==== Data provided ====

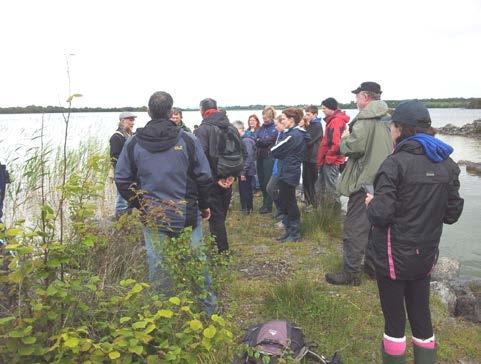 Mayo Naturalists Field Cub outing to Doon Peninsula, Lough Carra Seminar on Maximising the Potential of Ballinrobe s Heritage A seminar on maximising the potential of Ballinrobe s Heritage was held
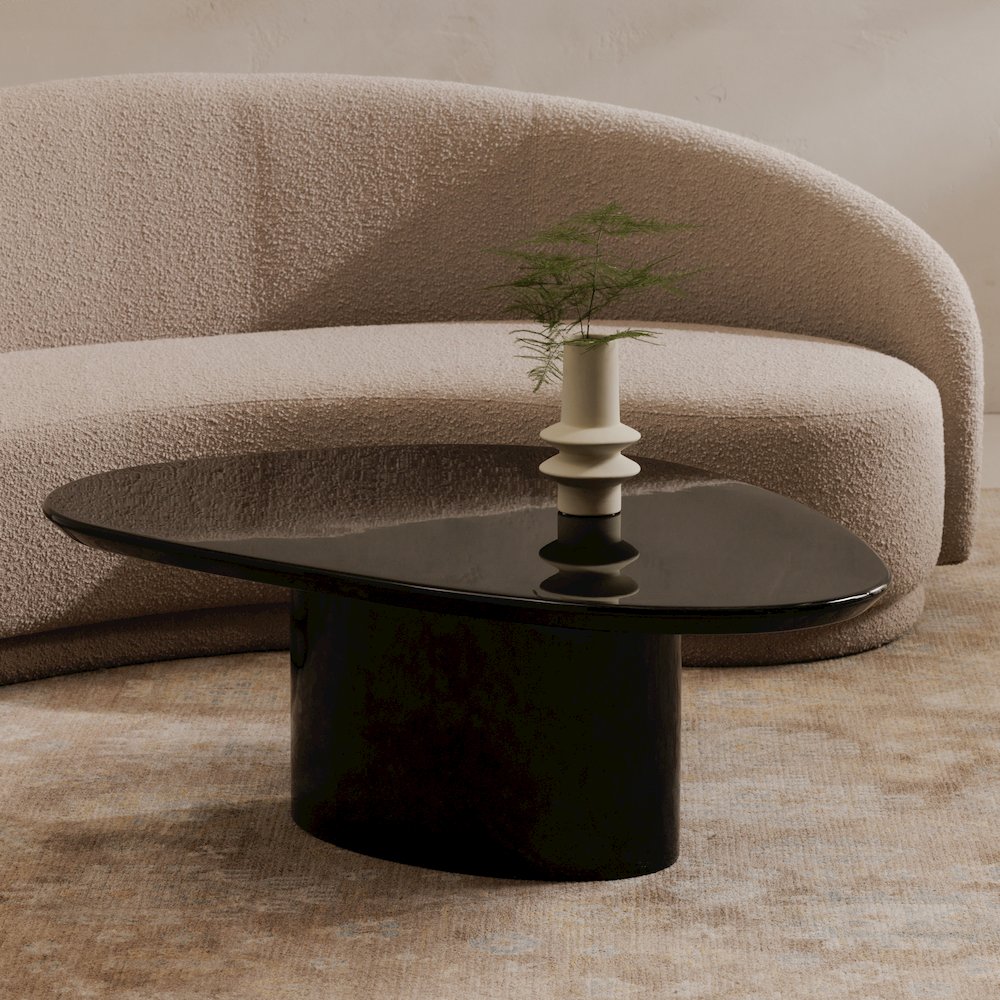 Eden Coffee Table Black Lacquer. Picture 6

====
==== Data provided ====

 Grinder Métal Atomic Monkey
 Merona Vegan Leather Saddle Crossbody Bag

====

What you will do — Each line above from the one containing "Mayo Naturalists Field" through the one containing "Eden Coffee Table Black Lacquer. Picture 6" is to be returned verbatim. Nothing else, and no pictures.

Task response —
 Mayo Naturalists Field Cub outing to Doon Peninsula, Lough Carra Seminar on Maximising the Potential of Ballinrobe s Heritage A seminar on maximising the potential of Ballinrobe s Heritage was held
 Eden Coffee Table Black Lacquer. Picture 6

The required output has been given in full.